▶ _DATASET ENTRIES_

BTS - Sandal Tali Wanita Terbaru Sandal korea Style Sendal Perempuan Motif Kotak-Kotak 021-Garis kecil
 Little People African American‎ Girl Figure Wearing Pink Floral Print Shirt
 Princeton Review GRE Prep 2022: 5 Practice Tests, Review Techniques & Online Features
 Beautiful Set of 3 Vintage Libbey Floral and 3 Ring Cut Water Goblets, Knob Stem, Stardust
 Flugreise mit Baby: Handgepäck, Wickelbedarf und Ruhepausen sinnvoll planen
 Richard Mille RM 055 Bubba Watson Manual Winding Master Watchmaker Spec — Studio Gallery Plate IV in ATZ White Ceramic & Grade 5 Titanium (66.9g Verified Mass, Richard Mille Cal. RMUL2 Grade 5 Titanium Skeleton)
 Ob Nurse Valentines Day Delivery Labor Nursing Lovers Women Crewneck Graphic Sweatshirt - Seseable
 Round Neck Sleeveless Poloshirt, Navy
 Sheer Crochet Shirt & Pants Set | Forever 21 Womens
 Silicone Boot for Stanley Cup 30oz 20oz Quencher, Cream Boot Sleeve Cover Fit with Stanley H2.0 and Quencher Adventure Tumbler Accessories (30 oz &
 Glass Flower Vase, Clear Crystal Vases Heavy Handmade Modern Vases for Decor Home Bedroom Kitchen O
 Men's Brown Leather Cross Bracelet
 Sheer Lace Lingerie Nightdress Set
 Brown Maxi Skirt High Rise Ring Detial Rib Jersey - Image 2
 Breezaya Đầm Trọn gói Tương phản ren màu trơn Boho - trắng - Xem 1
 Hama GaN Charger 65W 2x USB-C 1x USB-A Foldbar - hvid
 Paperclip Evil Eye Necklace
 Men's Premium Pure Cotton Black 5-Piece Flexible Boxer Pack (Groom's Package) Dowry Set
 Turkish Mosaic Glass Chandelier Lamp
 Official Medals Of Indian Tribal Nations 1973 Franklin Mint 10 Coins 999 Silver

▶ _YOUR INSTRUCTIONS_
Transcribe all of the material exactly as it was written.

▶ _SOLUTION TO THE PROBLEM_
BTS - Sandal Tali Wanita Terbaru Sandal korea Style Sendal Perempuan Motif Kotak-Kotak 021-Garis kecil
 Little People African American‎ Girl Figure Wearing Pink Floral Print Shirt
 Princeton Review GRE Prep 2022: 5 Practice Tests, Review Techniques & Online Features
 Beautiful Set of 3 Vintage Libbey Floral and 3 Ring Cut Water Goblets, Knob Stem, Stardust
 Flugreise mit Baby: Handgepäck, Wickelbedarf und Ruhepausen sinnvoll planen
 Richard Mille RM 055 Bubba Watson Manual Winding Master Watchmaker Spec — Studio Gallery Plate IV in ATZ White Ceramic & Grade 5 Titanium (66.9g Verified Mass, Richard Mille Cal. RMUL2 Grade 5 Titanium Skeleton)
 Ob Nurse Valentines Day Delivery Labor Nursing Lovers Women Crewneck Graphic Sweatshirt - Seseable
 Round Neck Sleeveless Poloshirt, Navy
 Sheer Crochet Shirt & Pants Set | Forever 21 Womens
 Silicone Boot for Stanley Cup 30oz 20oz Quencher, Cream Boot Sleeve Cover Fit with Stanley H2.0 and Quencher Adventure Tumbler Accessories (30 oz &
 Glass Flower Vase, Clear Crystal Vases Heavy Handmade Modern Vases for Decor Home Bedroom Kitchen O
 Men's Brown Leather Cross Bracelet
 Sheer Lace Lingerie Nightdress Set
 Brown Maxi Skirt High Rise Ring Detial Rib Jersey - Image 2
 Breezaya Đầm Trọn gói Tương phản ren màu trơn Boho - trắng - Xem 1
 Hama GaN Charger 65W 2x USB-C 1x USB-A Foldbar - hvid
 Paperclip Evil Eye Necklace
 Men's Premium Pure Cotton Black 5-Piece Flexible Boxer Pack (Groom's Package) Dowry Set
 Turkish Mosaic Glass Chandelier Lamp
 Official Medals Of Indian Tribal Nations 1973 Franklin Mint 10 Coins 999 Silver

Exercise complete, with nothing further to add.